Ortada böylesine zor, güç, çetin ve bela bir yolculuk varken Aşık’ımız bunları
hiç dert ve sorun etmez. Aşılması gereken dağlar, ormanlar, nehirler, karlar,
tipiler onun uykusunu kaçırması, kıvranıp gerilime girmesi gerekirken dile
gelen ifade şudur: “Yatcaz kalkcaz
yatcaz kalkcaz yatcaz kalkcaz. Hooop ordayım”
.
Ferhat, Şirin’e
kavuşmak için günler aylarca kendini feda edip dağları taşları delmişti. Kerem,
Aslı’sına ulaşmak için sonu gelmez kabus dolu takipler yapmış; onun izini bulabilmek
için otuz iki dişini de çektirmişti. Mecnun aşkı Leyla için mecnun, meczup
olmuş; bu halde günlerce çöllerde kalmıştı. Fuzuli’nin ifadesiyle sevgiliye
hayatta ulaşılamasa da edilen vasiyetle ona ulaşılmaya çalışılmıştı: “Dest bûsı
arzûsuyla ger ölürsem dostlar Kûze eylen toprağım sunun ânunla yare su.”
Ama Gülşen’in
Aşık’ı hiç bu zahmetlere katlanmıyor; hatta bunu dert bile edinmiyor. O yatıp
kalkmasına, uyumasına, rahatına bakıyor. “Dağlar bayırlar o uzun yollar hepsi
hikaye firardayım. Yatcaz kalkcaz yatcaz kalkcaz yatcaz kalkcaz Hooop ordayım” ifadeleriyle sevgiliye kısa
sürede zahmetsizce kavuşacağını dile getiriyor.
Bilemiyoruz..
Gelişen teknoloji sevgili hasretini mi değiştirdi? Dağların, taşların,
ormanların, nehirlerin, karın, tipinin artık bir hükmü yok. Son model lüks
binek araçlarına binmeniz yeterli. Gerisi tabii ki yatıp kalkıyorsunuz.

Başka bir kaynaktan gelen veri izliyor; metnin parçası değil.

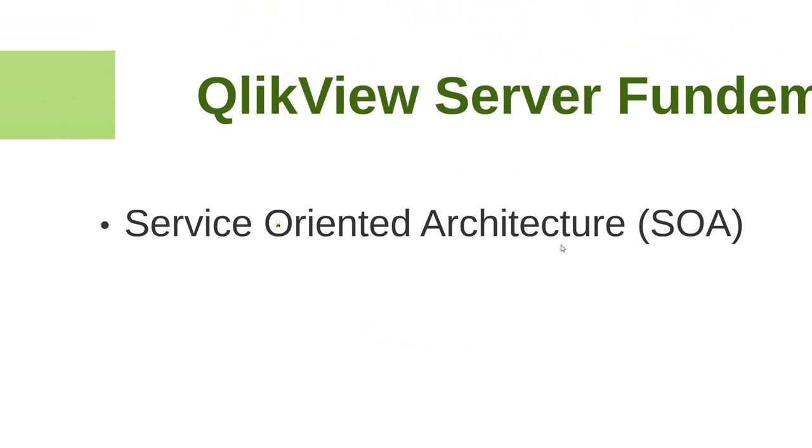In the next lesson, we'll understand the difference between a service and process, and we'll look at a few other concepts. Thank you for watching.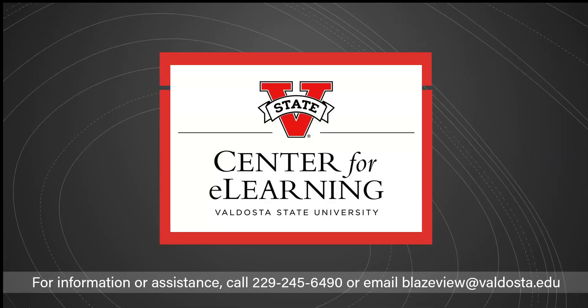For assistance with this or any other BlazeView topic, contact the Center for E-Learning.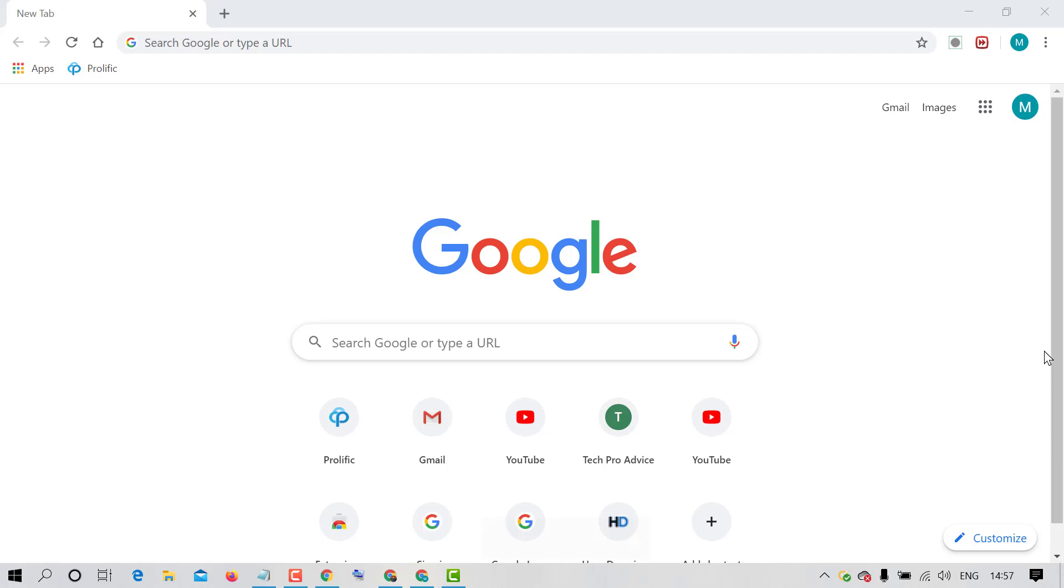Hello and welcome guys. Today in this video I'm going to show you how to access Chrome's task manager.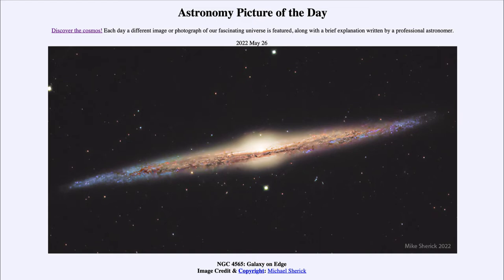Today's picture for May 26th of 2022 is titled NGC 4565 Galaxy on Edge. This is an example of a spiral galaxy known by the catalog designation of NGC 4565, and also sometimes known as the needle galaxy for its very thin pointed appearance.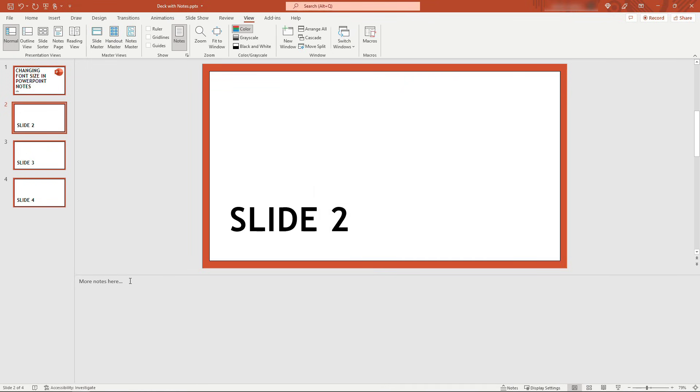So that's it, two different ways you can change the font size in your notes in PowerPoint. Hopefully you found it helpful. If so, you might like some of my other videos in the PowerPoint playlist, and also consider subscribing to be notified when I upload new things. Thanks so much for watching!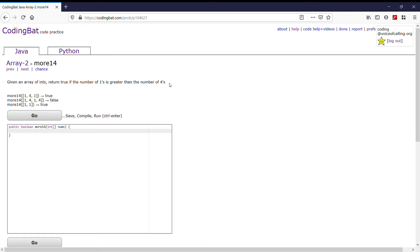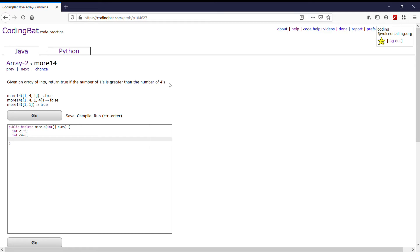One to count the number of fours and one to count the number of ones. So let's do int c1 equals 0, int c4 equals 0. Now we want to loop through the entire array to find the ones and the fours. So: for int i equals 0, i is less than nums dot length, i plus plus.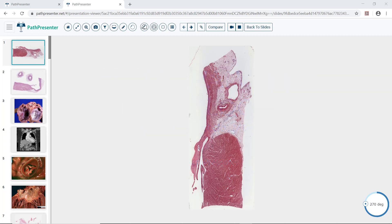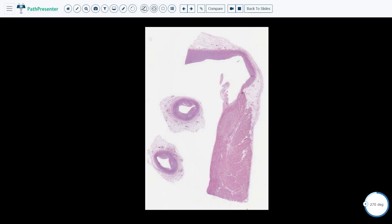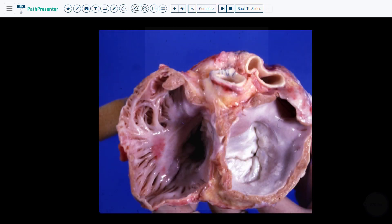The first case is a normal mitral valve and is reviewed in a separate video. The second slide is a normal aortic valve and is also reviewed in a separate video. The third slide is a photograph of a normal right and left atria. The purpose of this slide is to learn the differences in the appearances of the right and left atria so that when you are looking at gross photographs of the heart, this will help you identify which side you are looking at.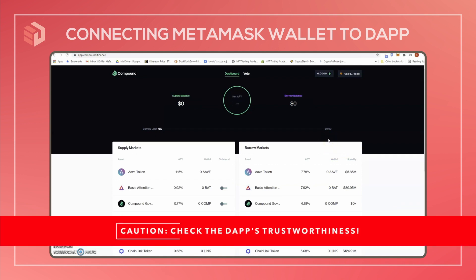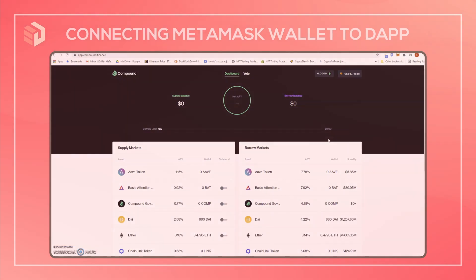As a word of warning, make sure the dApps you connect with are trustworthy. While giving the dApp access to your public address does not give them access to your funds, it does mean they can see how much you own and your recent transactions. This could help them craft a phishing pop-up with specific info about your account to try to trick you into sending funds to the wrong place.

Kısa
bir süre sonra ulaşmak istediğiniz yerdesinizdir. “Bineyim arabaya bi varayım oraya…Yatcaz
kalkcaz yatcaz kalkcaz yatcaz kalkcaz Hooop ordayım.”
Oysa Kenan Doğulu,
doksanlarda aşkı için, sevgiliye kavuşma adına,
“Deliyim gözü kara deliyim
Yakarım Romayı da yakarım ben
Bulurum seni yine bulurum
Olurum yine senin olurum” diyordu.
Demek ki o
günden bu güne aşkın, özlemin, hasretin dile gelişi, getirilişi de teknolojik
gelişmeler paralelinde değişti yada değişmiş. Benim gibi bazıları bu hızlı
değişimin gerisinde kalmış olabilir.. Ancak, burada şunu hatırlatmak lazım: Aşk,
sevgi, sevda , özlem, hasret, siz uzaya da gitseniz; bilimsel hayal edildiği
gibi galaksilerde de yaşasanız, her yerde her zamanda aynıdır; hiç değişmez ve
eskimezler.
Sayın Gülşen
teknolojiye mi uydu, yoksa şeytana mı uydu bilemiyoruz; ama
“dağlar bayırlar o uzun yollar
hepsi hikaye firardayım
Başlarım ha adetinden aşk bu
güçlü her bir şeyden susmam!
Üstesinden gelirim ben ayrılığı
döverim ben korkmam
Dile kolay ama zor hasretini bana
sor
Bu nasıl bi geri sayım yerinde
sayıyor her gün
Bineyim arabaya bi varayım oraya
300 bin yıl gibi geliyor bana şu
son 3 gün “ dizeleriyle hasretin güçlüğünü çok güzel ifade ederken birden bire
gevşiyor ve yatağa uzanarak “Yatcaz kalkcaz yatcaz kalkcaz yatcaz kalkcaz.
Hooop ordayım” ifadeleriyle sözlerini
noktalıyor.
İşin iyi
tarafı bu şarkı için çekilen klipte yatak ve uyku görüntüleri yer almıyor. Yatıp
uyumanın olumsuzluğunun farkına varıldı da bu kliple telafi edilmeye mi
çalışıldı bilemiyoruz.
“Yatcaz
kalkcaz yatcaz kalkcaz yatcaz kalkcaz. Hooop ordayım” ifadelerini dinledikçe “ilkokul
alfabesinde nesillere okutulan “uyu uyu yat uyu“ telkinleri sanki tüm ülke
gençliğine daha etkin ve baskın olarak müzik yoluyla yeniden verilmek mi
isteniyor?” sorusu ister istemez aklınıza geliyor.